Web page caption snippets:

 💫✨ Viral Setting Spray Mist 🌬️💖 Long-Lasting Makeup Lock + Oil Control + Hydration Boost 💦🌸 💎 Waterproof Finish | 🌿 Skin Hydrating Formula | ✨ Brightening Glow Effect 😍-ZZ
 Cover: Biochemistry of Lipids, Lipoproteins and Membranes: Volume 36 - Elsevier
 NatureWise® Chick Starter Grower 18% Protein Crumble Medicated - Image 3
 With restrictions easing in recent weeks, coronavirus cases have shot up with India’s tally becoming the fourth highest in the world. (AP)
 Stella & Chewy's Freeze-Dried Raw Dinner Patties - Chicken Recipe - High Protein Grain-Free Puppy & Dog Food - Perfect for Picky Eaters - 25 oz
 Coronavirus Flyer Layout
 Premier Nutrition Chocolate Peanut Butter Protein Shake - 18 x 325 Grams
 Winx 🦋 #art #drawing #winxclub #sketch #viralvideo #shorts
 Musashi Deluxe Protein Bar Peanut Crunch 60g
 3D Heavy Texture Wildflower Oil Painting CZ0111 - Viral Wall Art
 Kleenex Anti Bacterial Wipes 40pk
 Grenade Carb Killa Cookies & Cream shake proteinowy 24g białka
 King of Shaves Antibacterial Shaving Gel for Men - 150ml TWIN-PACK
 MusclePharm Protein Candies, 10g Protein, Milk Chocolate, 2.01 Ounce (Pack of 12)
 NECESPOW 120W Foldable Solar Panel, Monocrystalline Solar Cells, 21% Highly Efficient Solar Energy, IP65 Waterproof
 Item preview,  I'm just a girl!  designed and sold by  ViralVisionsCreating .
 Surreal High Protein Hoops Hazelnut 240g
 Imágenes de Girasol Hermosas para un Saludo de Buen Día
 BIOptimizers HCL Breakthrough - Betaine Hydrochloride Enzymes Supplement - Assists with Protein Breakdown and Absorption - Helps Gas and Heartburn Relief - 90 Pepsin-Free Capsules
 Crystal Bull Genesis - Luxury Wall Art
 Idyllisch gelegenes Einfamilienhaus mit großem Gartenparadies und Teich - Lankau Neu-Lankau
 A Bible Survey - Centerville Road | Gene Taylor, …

§ **ABOUT THIS TASK**
Your answer must be the line containing "BIOptimizers HCL Breakthrough" through the last line above, copied exactly, with nothing added.

§ **EXERCISE RESPONSE**
 BIOptimizers HCL Breakthrough - Betaine Hydrochloride Enzymes Supplement - Assists with Protein Breakdown and Absorption - Helps Gas and Heartburn Relief - 90 Pepsin-Free Capsules
 Crystal Bull Genesis - Luxury Wall Art
 Idyllisch gelegenes Einfamilienhaus mit großem Gartenparadies und Teich - Lankau Neu-Lankau
 A Bible Survey - Centerville Road | Gene Taylor, …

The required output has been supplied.